__Exercise instructions__
Copy out each line below that has the word "white" in it.

[Stored data entries]
★ ★ ★

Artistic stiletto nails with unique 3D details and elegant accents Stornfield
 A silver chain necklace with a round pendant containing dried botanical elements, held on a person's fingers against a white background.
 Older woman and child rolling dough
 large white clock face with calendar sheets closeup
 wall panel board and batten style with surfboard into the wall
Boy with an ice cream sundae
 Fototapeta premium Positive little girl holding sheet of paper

★ ★ ★

__Task solution__
 A silver chain necklace with a round pendant containing dried botanical elements, held on a person's fingers against a white background.
 large white clock face with calendar sheets closeup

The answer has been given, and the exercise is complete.